The kurtosis of our measured signals is

kurtMat(X)
ans =

    2.7548

There's the Central Limit at Theorem at work: the columns of X are linear combinations of y1 and y2 and therefore more normally distributed.

Our whitened, rotated data, Xwhiterot should have a kurtosis similar to our original signals y1 and y2:

kurtMat(Xwhiterot)
ans =

    2.5924

Let's find the rotation angle that gives us the kurtosis that's furthest from 3. We'll use our 'fit' program to do a brute-force search. This will require a function that takes in a rotation parameter as a field of a structure and our whitened signals, and returns an error value to be minimized. Here's the process:

p.ang = -10*pi/180;

R = [cos(p.ang), sin(p.ang) ; -sin(p.ang) cos(p.ang)];
Xwhiterot = Xwhite*R;
err = -abs(kurtMat(Xwhiterot)-3);

The values of err will be negative. The more the kurtosis differs from 3, the more negative err will be. I've put this code into the function 'kurtMatErr'. Here's how to use it:

err= kurtMatErr(p,Xwhite)
err =

   -0.5307

It's ready for the 'fit' routine which will find the value of p.ang that minimizes 'err':

pBest = fit('kurtMatErr',p,{'ang'},Xwhite);
Fitting "kurtMatErr" with 1 free parameters.

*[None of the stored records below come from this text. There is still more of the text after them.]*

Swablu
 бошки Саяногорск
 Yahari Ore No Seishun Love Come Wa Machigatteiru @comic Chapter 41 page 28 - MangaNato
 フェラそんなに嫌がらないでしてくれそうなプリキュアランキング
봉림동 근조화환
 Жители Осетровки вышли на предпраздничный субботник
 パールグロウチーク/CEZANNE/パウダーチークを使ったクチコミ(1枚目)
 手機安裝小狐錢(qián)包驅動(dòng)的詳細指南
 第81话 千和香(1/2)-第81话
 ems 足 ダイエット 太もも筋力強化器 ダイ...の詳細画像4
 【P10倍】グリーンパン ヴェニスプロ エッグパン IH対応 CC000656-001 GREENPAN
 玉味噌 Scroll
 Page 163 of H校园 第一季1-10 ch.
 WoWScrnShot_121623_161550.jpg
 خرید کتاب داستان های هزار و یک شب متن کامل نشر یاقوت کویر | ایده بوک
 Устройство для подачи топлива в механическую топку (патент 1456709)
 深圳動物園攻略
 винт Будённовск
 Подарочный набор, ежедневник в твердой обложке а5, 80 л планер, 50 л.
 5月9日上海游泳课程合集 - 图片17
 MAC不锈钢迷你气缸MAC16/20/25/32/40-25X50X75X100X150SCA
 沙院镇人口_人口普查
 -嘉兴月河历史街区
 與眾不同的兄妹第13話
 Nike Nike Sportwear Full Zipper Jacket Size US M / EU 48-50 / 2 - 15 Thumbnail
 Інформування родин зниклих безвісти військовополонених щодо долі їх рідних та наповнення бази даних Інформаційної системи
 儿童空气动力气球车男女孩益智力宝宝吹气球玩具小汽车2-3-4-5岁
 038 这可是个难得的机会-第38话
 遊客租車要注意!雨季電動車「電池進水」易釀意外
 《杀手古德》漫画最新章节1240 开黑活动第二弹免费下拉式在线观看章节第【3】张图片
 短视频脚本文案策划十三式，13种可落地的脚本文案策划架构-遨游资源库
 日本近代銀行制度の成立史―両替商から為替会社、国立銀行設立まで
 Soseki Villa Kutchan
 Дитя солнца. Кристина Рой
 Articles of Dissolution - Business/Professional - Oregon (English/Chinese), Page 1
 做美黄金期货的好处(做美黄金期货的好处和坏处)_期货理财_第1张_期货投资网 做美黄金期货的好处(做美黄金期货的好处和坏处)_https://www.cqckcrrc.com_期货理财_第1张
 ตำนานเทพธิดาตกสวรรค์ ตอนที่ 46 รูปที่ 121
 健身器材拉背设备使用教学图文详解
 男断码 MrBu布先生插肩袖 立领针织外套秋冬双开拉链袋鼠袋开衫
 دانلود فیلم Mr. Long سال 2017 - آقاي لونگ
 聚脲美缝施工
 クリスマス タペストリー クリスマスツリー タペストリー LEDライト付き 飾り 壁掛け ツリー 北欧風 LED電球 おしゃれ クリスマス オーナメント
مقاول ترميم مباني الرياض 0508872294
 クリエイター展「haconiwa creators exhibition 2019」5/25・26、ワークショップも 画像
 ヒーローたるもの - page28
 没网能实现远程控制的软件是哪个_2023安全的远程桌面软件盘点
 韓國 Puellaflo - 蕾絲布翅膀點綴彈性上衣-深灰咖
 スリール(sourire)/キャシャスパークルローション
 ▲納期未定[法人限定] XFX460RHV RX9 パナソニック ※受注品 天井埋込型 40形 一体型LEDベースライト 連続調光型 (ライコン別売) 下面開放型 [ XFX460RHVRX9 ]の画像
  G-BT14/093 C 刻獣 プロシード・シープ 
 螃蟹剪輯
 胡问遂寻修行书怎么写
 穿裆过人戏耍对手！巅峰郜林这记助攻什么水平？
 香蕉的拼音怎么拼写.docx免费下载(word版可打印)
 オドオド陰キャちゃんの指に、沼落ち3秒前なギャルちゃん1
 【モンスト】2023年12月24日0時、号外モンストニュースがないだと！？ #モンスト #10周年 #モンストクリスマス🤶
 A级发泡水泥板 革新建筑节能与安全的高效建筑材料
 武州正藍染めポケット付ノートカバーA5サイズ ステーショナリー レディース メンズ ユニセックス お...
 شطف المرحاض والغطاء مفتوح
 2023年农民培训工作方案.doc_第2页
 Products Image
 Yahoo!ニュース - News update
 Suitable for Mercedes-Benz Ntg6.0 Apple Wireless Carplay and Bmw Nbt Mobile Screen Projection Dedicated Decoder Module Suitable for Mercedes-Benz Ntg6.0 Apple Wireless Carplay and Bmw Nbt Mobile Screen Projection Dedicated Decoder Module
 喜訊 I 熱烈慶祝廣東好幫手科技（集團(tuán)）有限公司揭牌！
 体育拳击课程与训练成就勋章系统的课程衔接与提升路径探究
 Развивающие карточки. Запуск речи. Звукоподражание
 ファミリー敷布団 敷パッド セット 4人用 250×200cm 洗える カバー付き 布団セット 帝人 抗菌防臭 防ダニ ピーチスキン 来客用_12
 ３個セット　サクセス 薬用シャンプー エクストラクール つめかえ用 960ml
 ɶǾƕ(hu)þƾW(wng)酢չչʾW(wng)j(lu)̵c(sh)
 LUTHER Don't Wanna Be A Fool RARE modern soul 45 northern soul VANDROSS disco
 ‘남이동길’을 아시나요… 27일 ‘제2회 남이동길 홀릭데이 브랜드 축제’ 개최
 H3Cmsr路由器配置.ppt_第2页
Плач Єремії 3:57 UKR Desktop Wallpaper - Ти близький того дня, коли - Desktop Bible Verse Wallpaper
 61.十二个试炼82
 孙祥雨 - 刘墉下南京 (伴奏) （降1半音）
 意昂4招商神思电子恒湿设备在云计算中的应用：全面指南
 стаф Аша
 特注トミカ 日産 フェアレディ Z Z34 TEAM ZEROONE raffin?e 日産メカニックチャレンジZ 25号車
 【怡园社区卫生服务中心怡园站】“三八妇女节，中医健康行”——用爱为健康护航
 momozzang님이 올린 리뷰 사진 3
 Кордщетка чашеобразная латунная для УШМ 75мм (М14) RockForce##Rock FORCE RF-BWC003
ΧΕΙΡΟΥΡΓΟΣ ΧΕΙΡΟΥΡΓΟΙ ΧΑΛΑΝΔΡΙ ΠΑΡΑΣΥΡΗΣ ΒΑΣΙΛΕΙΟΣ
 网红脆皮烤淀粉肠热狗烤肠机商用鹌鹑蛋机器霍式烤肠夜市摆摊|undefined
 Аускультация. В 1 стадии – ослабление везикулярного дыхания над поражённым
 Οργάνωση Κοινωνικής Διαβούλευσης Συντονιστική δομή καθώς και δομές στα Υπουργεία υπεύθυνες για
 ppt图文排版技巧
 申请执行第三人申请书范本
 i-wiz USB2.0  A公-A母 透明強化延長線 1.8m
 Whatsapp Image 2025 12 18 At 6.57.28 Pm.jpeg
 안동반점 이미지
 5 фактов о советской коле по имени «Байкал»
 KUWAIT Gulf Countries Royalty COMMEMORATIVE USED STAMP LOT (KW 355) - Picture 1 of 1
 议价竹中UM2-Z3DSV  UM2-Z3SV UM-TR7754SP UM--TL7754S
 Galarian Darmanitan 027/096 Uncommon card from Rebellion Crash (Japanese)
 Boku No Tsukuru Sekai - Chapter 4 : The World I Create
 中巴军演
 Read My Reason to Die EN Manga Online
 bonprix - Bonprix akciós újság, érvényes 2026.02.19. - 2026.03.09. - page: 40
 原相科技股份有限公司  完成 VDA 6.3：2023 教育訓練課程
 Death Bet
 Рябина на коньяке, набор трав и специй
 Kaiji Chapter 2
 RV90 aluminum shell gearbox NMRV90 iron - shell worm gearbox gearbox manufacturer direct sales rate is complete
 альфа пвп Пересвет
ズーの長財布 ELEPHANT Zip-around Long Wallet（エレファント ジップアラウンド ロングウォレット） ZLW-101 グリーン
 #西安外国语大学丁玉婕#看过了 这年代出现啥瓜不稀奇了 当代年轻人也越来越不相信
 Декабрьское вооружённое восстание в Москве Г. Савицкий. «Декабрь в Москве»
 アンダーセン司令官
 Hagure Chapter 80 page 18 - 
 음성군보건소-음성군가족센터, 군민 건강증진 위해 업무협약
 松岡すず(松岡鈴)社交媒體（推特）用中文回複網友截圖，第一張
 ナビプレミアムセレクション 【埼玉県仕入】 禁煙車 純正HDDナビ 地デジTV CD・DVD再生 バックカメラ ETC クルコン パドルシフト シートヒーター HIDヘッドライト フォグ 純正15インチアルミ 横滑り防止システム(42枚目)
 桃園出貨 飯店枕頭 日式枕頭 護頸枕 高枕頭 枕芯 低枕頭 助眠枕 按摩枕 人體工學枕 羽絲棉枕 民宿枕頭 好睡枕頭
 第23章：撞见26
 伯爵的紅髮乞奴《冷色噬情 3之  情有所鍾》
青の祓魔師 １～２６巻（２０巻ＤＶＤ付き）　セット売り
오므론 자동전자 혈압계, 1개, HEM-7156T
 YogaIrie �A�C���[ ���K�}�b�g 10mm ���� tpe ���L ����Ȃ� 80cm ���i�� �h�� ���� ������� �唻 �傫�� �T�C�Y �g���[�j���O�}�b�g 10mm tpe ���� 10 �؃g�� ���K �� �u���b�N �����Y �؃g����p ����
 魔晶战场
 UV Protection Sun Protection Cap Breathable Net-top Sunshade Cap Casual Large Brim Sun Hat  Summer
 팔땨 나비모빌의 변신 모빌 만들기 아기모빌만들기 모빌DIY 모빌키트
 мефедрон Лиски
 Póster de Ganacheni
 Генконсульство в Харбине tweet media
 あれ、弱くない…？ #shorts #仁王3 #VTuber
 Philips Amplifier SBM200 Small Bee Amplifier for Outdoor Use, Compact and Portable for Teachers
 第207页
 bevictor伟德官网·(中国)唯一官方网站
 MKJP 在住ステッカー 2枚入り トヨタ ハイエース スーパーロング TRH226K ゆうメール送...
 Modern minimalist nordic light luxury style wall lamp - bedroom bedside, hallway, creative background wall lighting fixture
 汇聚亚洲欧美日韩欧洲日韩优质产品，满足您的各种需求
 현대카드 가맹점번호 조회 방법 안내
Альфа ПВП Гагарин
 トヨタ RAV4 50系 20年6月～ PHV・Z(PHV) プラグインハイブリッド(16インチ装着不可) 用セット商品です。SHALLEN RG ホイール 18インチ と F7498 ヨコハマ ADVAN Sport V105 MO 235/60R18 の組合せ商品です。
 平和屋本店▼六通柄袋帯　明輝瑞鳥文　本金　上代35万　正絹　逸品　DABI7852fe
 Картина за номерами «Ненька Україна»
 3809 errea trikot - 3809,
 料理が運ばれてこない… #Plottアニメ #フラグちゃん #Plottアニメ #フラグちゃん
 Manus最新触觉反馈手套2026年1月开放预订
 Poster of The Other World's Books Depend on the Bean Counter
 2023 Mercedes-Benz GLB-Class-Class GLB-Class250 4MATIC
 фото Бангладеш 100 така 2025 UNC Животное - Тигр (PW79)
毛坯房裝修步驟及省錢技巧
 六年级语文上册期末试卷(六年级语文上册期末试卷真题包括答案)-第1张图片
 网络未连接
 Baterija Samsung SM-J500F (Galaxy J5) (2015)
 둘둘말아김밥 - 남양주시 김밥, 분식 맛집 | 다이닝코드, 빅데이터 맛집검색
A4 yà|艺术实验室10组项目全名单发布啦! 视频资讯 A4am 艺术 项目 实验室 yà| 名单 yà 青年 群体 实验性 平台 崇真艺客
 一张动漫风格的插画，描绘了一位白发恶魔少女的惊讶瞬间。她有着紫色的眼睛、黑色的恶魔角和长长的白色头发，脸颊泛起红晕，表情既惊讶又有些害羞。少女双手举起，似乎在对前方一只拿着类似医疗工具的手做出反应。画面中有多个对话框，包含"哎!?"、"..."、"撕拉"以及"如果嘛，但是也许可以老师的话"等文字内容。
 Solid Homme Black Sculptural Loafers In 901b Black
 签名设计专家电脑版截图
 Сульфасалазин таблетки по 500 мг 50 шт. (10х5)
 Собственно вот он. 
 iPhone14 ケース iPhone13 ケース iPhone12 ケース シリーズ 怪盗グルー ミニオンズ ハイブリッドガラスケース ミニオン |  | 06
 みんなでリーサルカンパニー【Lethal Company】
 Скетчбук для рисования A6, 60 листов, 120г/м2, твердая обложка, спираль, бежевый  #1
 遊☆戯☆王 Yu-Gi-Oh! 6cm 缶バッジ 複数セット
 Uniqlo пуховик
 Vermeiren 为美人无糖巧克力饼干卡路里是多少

The best rotation angle in degrees is:

disp(pBest.ang*180/pi)
  -20.0039

kurtMatErr also returns our optimal signals as a second argument and the corresponding rotation matrix as the third argument. Let's get them:

[err,Xwhiterotbest,Rbest] = kurtMatErr(pBest,Xwhite);

'Xwhiterotebest' should be our best guess at the optimal rotation, which should give us our best estimate of the original signals [y1,y2] that we used get 'X'. We'll plot the results in figure 5.

figure(5)
clf
subplot(2,1,1)
plot(Xwhiterotbest)
subplot(2,1,2)
plot(Xwhiterotbest(:,1),Xwhiterotbest(:,2),'.')
axis equal
axis tight

Not bad. We've used our three assumptions to get back the two signals that we mixed together for the matrix X. The kurtosis of our best estimate should be close to our original signals too:

kurtmat([y1,y2])
kurtMat(Xwhiterotbest)
Warning: Could not find an exact (case-sensitive) match for 'kurtmat'.
C:\Users\Geoff
Boynton\Documents\courses\Matlab_2_S12\web\matlab\kurtMat.m is a
case-insensitive match and will be used instead.
You can improve the performance of your code by using exact
name matches and we therefore recommend that you update your
usage accordingly. Alternatively, you can disable this warning using
warning('off','MATLAB:dispatcher:InexactCaseMatch').
This warning will become an error in future releases. 

ans =

    2.3668


ans =

    2.3612

Sometimes you'll get your two components back, but switched. ICA is 'blind' to the original sources, so it doesn't 'know' which signal to call y1 and which to call y2.

Also, since our estimated sources are required to have a mean of zero and a variance of 1, they will necessarily differ from the original by a scale factor. In our example, y1 and y2 are already normalized so that's not an issue here.

Putting it all together

Our goal was to find a single 2x2 matrix that unmixes our two measures signals into two uncorrelated, or 'independent' sources. The code above incorporated two steps, whitening rotating. These two steps each had an associated mixing matrix. For whitening it was W= inv(sqrtm(cov(X))). For rotating it is the rotation matrix associated with pBest.ang, Rbest.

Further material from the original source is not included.